Exercise directions — Reproduce the entries below exactly, but only from the line containing "7d90df35 0f19 485b" to the line containing "Щенки в добрые руки", inclusive.
☆ ☆ ☆
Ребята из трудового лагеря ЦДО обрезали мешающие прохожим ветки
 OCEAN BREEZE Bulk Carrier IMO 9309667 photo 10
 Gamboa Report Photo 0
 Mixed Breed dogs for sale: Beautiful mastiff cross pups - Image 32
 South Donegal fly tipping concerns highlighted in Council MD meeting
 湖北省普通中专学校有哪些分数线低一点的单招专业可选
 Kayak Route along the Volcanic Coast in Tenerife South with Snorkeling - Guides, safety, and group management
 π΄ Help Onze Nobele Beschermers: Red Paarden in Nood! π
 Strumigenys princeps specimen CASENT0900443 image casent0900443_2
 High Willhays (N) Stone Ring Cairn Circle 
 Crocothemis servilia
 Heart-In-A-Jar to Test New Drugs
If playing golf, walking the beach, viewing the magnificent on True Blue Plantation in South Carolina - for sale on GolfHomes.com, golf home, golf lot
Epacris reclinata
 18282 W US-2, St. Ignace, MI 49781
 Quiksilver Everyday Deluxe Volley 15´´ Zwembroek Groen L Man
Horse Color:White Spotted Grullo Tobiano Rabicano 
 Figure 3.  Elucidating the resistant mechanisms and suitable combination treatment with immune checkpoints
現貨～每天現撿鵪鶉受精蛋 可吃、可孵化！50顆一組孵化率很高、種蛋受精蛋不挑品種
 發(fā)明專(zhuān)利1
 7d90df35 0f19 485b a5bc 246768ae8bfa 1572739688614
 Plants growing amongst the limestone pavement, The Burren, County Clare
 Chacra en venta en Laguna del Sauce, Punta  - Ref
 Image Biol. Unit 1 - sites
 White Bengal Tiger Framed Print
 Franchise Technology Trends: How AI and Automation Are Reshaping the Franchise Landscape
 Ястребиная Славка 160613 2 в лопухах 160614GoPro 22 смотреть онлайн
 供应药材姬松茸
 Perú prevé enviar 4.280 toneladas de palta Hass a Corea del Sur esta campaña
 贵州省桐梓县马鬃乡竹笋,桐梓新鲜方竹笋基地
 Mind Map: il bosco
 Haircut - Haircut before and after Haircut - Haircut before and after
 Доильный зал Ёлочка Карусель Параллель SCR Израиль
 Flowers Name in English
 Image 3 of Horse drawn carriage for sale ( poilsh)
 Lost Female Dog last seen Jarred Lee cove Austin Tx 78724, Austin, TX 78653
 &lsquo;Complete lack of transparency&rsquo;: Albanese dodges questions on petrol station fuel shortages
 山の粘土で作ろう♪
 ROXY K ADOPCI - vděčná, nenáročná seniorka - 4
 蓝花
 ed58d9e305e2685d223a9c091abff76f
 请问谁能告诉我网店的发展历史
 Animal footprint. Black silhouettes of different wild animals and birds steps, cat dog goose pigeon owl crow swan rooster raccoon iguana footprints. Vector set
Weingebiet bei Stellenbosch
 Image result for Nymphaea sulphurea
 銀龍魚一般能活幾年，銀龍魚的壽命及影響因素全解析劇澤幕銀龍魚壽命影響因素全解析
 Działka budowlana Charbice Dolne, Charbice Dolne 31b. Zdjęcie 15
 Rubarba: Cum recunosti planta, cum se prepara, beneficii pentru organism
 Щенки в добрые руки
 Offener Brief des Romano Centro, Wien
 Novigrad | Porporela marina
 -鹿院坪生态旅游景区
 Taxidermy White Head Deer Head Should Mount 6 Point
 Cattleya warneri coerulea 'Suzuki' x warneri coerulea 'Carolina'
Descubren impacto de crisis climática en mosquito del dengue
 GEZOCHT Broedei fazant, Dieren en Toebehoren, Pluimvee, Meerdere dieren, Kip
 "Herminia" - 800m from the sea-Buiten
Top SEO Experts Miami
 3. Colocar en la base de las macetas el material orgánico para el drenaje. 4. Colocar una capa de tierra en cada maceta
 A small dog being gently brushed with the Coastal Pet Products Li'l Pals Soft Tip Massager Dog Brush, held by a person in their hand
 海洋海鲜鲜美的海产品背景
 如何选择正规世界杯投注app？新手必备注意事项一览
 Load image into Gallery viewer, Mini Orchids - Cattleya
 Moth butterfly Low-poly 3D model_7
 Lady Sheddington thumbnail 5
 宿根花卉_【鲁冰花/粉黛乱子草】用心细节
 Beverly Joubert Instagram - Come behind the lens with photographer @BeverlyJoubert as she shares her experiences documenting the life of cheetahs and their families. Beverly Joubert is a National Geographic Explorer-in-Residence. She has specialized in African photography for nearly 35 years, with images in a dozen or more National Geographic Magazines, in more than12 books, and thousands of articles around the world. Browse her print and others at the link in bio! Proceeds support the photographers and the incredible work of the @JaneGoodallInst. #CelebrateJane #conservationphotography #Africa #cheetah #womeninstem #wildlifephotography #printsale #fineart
☆ ☆ ☆
Problem solution —
 7d90df35 0f19 485b a5bc 246768ae8bfa 1572739688614
 Plants growing amongst the limestone pavement, The Burren, County Clare
 Chacra en venta en Laguna del Sauce, Punta  - Ref
 Image Biol. Unit 1 - sites
 White Bengal Tiger Framed Print
 Franchise Technology Trends: How AI and Automation Are Reshaping the Franchise Landscape
 Ястребиная Славка 160613 2 в лопухах 160614GoPro 22 смотреть онлайн
 供应药材姬松茸
 Perú prevé enviar 4.280 toneladas de palta Hass a Corea del Sur esta campaña
 贵州省桐梓县马鬃乡竹笋,桐梓新鲜方竹笋基地
 Mind Map: il bosco
 Haircut - Haircut before and after Haircut - Haircut before and after
 Доильный зал Ёлочка Карусель Параллель SCR Израиль
 Flowers Name in English
 Image 3 of Horse drawn carriage for sale ( poilsh)
 Lost Female Dog last seen Jarred Lee cove Austin Tx 78724, Austin, TX 78653
 &lsquo;Complete lack of transparency&rsquo;: Albanese dodges questions on petrol station fuel shortages
 山の粘土で作ろう♪
 ROXY K ADOPCI - vděčná, nenáročná seniorka - 4
 蓝花
 ed58d9e305e2685d223a9c091abff76f
 请问谁能告诉我网店的发展历史
 Animal footprint. Black silhouettes of different wild animals and birds steps, cat dog goose pigeon owl crow swan rooster raccoon iguana footprints. Vector set
Weingebiet bei Stellenbosch
 Image result for Nymphaea sulphurea
 銀龍魚一般能活幾年，銀龍魚的壽命及影響因素全解析劇澤幕銀龍魚壽命影響因素全解析
 Działka budowlana Charbice Dolne, Charbice Dolne 31b. Zdjęcie 15
 Rubarba: Cum recunosti planta, cum se prepara, beneficii pentru organism
 Щенки в добрые руки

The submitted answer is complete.